The call goes to voicemail as it always does. She slows down her speech and stretches out the pauses in between words, letting uhhhs and hmmms drift inconclusively. She can’t remember how many years ago the dog died. She tells him this. Or what his father looks like. She asks him the first initial of his father’s name, just a hint and she’ll get it. She asks him how old he is again. She stopped counting after college. Gosh and what was the name of the woman from Seinfeld; she’s in so many things nowadays. She lets this one sit, silence soaking up the seconds of a message that’ll probably never be heard. She’ll call back with the name.

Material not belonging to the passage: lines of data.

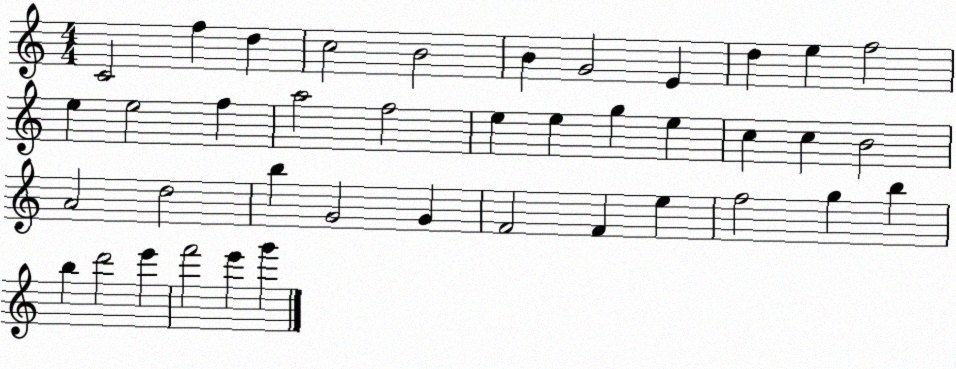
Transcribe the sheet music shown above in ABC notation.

X:1
T:Untitled
M:4/4
L:1/4
K:C
C2 f d c2 B2 B G2 E d e f2 e e2 f a2 f2 e e g e c c B2 A2 d2 b G2 G F2 F e f2 g b b d'2 e' f'2 e' g'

Steve makes eye-contact with no more than two people a day. One of the two is Marty. Customers stare at the desk and slide over money. They smile at the floor as they take the rental shoes. They look at his shirt. They look at the top of his head. They look at their friend. He is a cash register.
It is neither night nor day inside. There are no windows, and the doors have a dark tint that blocks even the slightest hint of sunlight. But it is late. There are only a few bowlers left, and the ones that are wobble toward the lane like babies taking first steps. Balls fall and people laugh. An old couple has been working on a single game for almost two hours. The man’s beer has spilt over and he doesn’t seem to notice or care. Their scores hover around the same point as do their individual heights. Marty dims the lights after midnight to let people know it’s time to go, so there’s a cave-like glow to the place. It is silent when no one is bowling. The lanes are still as bright as ever. The oily sheen of the wood and the specific arrangement of the pins makes it look religious. People bend down before the line and offer prayer.
They are the only two left. They seem to be enjoying themselves but their sagging faces look perpetually disappointed. The woman’s ball slowly veers into the gutter and stays there. The man may or may not be asleep. Marty doesn’t know how to tell them to leave, and Steve doesn’t know why he always assumes a man and a woman bowling together are a couple. She looks left then right for assistance but quickly retreats to her chair instead. The ball stays in the gutter. The woman now appears to be nodding off as well. The lights above the lanes go off one at a time, right to left, with an industrial clack as each shuts down. It looks ceremonial. Steve taps their chairs with his broom handle. He doesn’t look them in the eyes.